Wenn auch – bezogen auf die erzielten Sitzzahlen der bürgerlichen Parteien einerseits und der linken und grünen Gruppierungen andererseits – die politischen Machtverhältnisse stabil blieben, ergaben sich dennoch nicht unwesentliche Veränderungen. Ins Gewicht fiel vor allem der
Krebsgang der SP, die seit 1975, als sie noch 55 Nationalräte stellte, 14 Sitze und 6,5% Wähleranteile einbüsste (gegenüber 1983 -4,4%). Sodann hielt der
Trend weg von den Regierungsparteien hin zu kleinen und primär zu grünen Gruppierungen an. Die bürgerlichen Bundesratsparteien verloren zwar kaum Sitze, doch büssten auch sie seit 1975 kontinuierlich Wähleranteile ein (zusammen -3,6%, gegenüber 1983: -1,2%). Mit 53,6% wissen sie noch gut die Hälfte der Wählenden hinter sich (1983: 54,8%; 1979: 57,2%). Alle Regierungsparteien mussten somit einen erneuten Vertrauensschwund in die etablierte Politik zur Kenntnis nehmen. Sie erhielten noch von 33,6% (1983: 38,0%) aller Wahlberechtigten die Stimme, während die übrigen Parteien nun von 12,9% (1983: 10,9%) gewählt wurden
[2]. Nutzniesser waren vor allem die Grünen, welche ihre Vertretung im Nationalrat mehr als verdoppeln konnten. Zudem wurden auch etliche "Grüne" anderer Parteien, die von den Umweltschutzorganisationen speziell empfohlen worden waren, gewählt. Als weitere Veränderung gegenüber 1983 ist der gestiegene Anteil an Parlamentarierinnen hervorzuheben. Mit 29 gewählten National- und 5 Ständerätinnen (1983: 22 bzw. 3) erreichte der
Frauenanteil 14,5% bzw. 10,9%.
Die Ständeratswahlen, die in 20 Kantonen ebenfalls am 18. Oktober stattfanden, führten primär zu einer grossen personellen Erneuerung, änderten aber kaum etwas an der parteipolitischen Zusammensetzung der kleinen Kammer. Die SP und die SVP verloren je einen Sitz, während die CVP und der LdU je einen gewannen. Mit Monika Weber konnte der Zürcher Landesring seinen 1979 an die SVP verlorenen Sitz zurückerobern und ins Stöckli zurückkehren.
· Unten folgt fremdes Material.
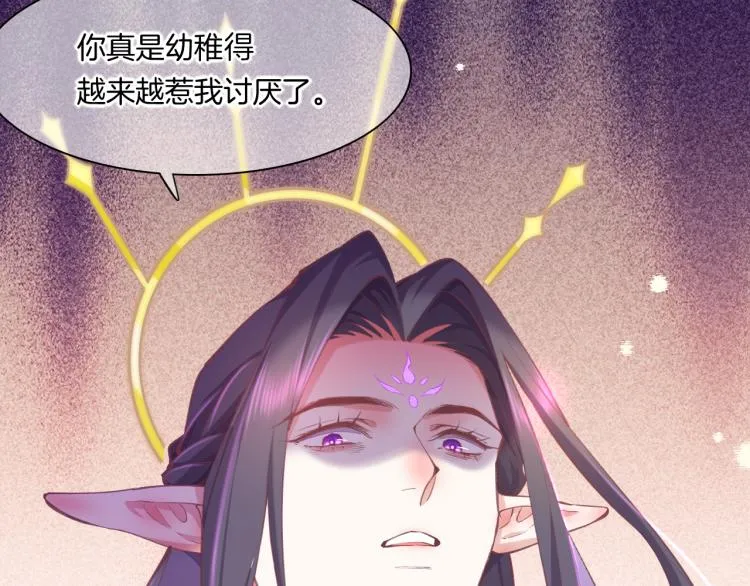 第76话 时空穿梭之门 第61页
[1] Presse vom 19.-24.10.87, insbesondere wf, KK, 42, 19.10.87; BZ, 21.10.87; Ww, 22.10.87; TA, 22. und 23.10.87; LNN, 24.10.87. Zu früheren Wahlen siehe SPJ, 1979, S. 35 ff. und 1983, S. 31 ff.
[2] Alle Parteien zusammen (= Wahlbeteiligung): 1983: 48,9%; 1987: 46,5%; somit wählten 1983 51,1%, 1987 53,5% der Wahlberechtigten gar keine Partei bzw. blieben den Urnen fern.